WHAT IS EXPECTED ▸ Restating the records exactly is the whole task.

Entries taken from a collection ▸
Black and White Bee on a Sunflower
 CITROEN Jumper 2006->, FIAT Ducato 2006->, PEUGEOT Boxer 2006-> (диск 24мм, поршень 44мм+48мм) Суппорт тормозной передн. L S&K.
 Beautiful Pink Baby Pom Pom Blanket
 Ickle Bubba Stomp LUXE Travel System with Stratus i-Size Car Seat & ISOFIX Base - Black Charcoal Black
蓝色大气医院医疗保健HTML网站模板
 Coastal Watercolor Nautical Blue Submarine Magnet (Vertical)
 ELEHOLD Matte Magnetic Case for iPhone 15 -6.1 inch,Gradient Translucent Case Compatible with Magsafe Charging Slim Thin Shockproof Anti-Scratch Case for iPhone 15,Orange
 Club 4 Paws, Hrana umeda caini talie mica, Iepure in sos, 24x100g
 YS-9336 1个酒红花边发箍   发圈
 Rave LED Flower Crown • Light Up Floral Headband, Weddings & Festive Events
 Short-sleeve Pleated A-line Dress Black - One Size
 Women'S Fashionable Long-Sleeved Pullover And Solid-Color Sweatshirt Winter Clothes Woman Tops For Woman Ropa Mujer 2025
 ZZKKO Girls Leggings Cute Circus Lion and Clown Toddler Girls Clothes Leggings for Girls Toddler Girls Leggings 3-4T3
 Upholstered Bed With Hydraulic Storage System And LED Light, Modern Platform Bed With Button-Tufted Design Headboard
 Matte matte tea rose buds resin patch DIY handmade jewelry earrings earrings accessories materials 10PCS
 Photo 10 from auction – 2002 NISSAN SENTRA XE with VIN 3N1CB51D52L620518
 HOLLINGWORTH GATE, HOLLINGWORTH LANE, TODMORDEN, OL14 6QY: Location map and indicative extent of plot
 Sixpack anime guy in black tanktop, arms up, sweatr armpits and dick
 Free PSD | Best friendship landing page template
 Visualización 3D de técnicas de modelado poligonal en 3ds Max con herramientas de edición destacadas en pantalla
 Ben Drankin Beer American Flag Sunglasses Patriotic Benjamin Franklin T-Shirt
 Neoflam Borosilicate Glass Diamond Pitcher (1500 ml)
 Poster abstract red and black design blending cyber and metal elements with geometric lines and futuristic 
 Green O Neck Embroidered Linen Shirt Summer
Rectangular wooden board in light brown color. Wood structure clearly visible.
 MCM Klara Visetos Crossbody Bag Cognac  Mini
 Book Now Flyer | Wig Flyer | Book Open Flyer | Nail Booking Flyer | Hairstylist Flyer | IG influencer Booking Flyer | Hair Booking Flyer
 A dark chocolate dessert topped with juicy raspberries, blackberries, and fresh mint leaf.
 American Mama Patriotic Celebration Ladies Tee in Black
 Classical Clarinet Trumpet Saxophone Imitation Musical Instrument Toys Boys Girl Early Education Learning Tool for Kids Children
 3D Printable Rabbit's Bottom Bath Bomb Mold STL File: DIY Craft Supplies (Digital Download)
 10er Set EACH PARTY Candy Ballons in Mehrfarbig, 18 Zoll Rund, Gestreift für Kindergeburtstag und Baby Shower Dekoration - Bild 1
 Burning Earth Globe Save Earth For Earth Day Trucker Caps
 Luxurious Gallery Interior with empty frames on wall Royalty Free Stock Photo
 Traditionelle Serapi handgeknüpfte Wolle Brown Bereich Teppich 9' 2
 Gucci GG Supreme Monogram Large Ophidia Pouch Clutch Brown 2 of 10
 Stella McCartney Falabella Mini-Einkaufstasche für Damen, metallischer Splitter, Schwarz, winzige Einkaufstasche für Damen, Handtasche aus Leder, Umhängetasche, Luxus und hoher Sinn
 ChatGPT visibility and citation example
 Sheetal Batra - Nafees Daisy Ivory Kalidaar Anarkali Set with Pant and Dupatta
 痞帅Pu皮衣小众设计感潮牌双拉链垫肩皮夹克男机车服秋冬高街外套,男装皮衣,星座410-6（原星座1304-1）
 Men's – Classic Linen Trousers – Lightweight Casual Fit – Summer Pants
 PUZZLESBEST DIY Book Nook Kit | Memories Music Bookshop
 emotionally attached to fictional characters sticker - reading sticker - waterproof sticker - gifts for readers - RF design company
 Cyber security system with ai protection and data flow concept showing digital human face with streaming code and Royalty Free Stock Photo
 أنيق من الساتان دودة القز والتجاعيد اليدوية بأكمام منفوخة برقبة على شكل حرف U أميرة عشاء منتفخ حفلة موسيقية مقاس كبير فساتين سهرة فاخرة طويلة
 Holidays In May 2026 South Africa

PROBLEM SOLUTION ▸
Black and White Bee on a Sunflower
 CITROEN Jumper 2006->, FIAT Ducato 2006->, PEUGEOT Boxer 2006-> (диск 24мм, поршень 44мм+48мм) Суппорт тормозной передн. L S&K.
 Beautiful Pink Baby Pom Pom Blanket
 Ickle Bubba Stomp LUXE Travel System with Stratus i-Size Car Seat & ISOFIX Base - Black Charcoal Black
蓝色大气医院医疗保健HTML网站模板
 Coastal Watercolor Nautical Blue Submarine Magnet (Vertical)
 ELEHOLD Matte Magnetic Case for iPhone 15 -6.1 inch,Gradient Translucent Case Compatible with Magsafe Charging Slim Thin Shockproof Anti-Scratch Case for iPhone 15,Orange
 Club 4 Paws, Hrana umeda caini talie mica, Iepure in sos, 24x100g
 YS-9336 1个酒红花边发箍   发圈
 Rave LED Flower Crown • Light Up Floral Headband, Weddings & Festive Events
 Short-sleeve Pleated A-line Dress Black - One Size
 Women'S Fashionable Long-Sleeved Pullover And Solid-Color Sweatshirt Winter Clothes Woman Tops For Woman Ropa Mujer 2025
 ZZKKO Girls Leggings Cute Circus Lion and Clown Toddler Girls Clothes Leggings for Girls Toddler Girls Leggings 3-4T3
 Upholstered Bed With Hydraulic Storage System And LED Light, Modern Platform Bed With Button-Tufted Design Headboard
 Matte matte tea rose buds resin patch DIY handmade jewelry earrings earrings accessories materials 10PCS
 Photo 10 from auction – 2002 NISSAN SENTRA XE with VIN 3N1CB51D52L620518
 HOLLINGWORTH GATE, HOLLINGWORTH LANE, TODMORDEN, OL14 6QY: Location map and indicative extent of plot
 Sixpack anime guy in black tanktop, arms up, sweatr armpits and dick
 Free PSD | Best friendship landing page template
 Visualización 3D de técnicas de modelado poligonal en 3ds Max con herramientas de edición destacadas en pantalla
 Ben Drankin Beer American Flag Sunglasses Patriotic Benjamin Franklin T-Shirt
 Neoflam Borosilicate Glass Diamond Pitcher (1500 ml)
 Poster abstract red and black design blending cyber and metal elements with geometric lines and futuristic 
 Green O Neck Embroidered Linen Shirt Summer
Rectangular wooden board in light brown color. Wood structure clearly visible.
 MCM Klara Visetos Crossbody Bag Cognac  Mini
 Book Now Flyer | Wig Flyer | Book Open Flyer | Nail Booking Flyer | Hairstylist Flyer | IG influencer Booking Flyer | Hair Booking Flyer
 A dark chocolate dessert topped with juicy raspberries, blackberries, and fresh mint leaf.
 American Mama Patriotic Celebration Ladies Tee in Black
 Classical Clarinet Trumpet Saxophone Imitation Musical Instrument Toys Boys Girl Early Education Learning Tool for Kids Children
 3D Printable Rabbit's Bottom Bath Bomb Mold STL File: DIY Craft Supplies (Digital Download)
 10er Set EACH PARTY Candy Ballons in Mehrfarbig, 18 Zoll Rund, Gestreift für Kindergeburtstag und Baby Shower Dekoration - Bild 1
 Burning Earth Globe Save Earth For Earth Day Trucker Caps
 Luxurious Gallery Interior with empty frames on wall Royalty Free Stock Photo
 Traditionelle Serapi handgeknüpfte Wolle Brown Bereich Teppich 9' 2
 Gucci GG Supreme Monogram Large Ophidia Pouch Clutch Brown 2 of 10
 Stella McCartney Falabella Mini-Einkaufstasche für Damen, metallischer Splitter, Schwarz, winzige Einkaufstasche für Damen, Handtasche aus Leder, Umhängetasche, Luxus und hoher Sinn
 ChatGPT visibility and citation example
 Sheetal Batra - Nafees Daisy Ivory Kalidaar Anarkali Set with Pant and Dupatta
 痞帅Pu皮衣小众设计感潮牌双拉链垫肩皮夹克男机车服秋冬高街外套,男装皮衣,星座410-6（原星座1304-1）
 Men's – Classic Linen Trousers – Lightweight Casual Fit – Summer Pants
 PUZZLESBEST DIY Book Nook Kit | Memories Music Bookshop
 emotionally attached to fictional characters sticker - reading sticker - waterproof sticker - gifts for readers - RF design company
 Cyber security system with ai protection and data flow concept showing digital human face with streaming code and Royalty Free Stock Photo
 أنيق من الساتان دودة القز والتجاعيد اليدوية بأكمام منفوخة برقبة على شكل حرف U أميرة عشاء منتفخ حفلة موسيقية مقاس كبير فساتين سهرة فاخرة طويلة
 Holidays In May 2026 South Africa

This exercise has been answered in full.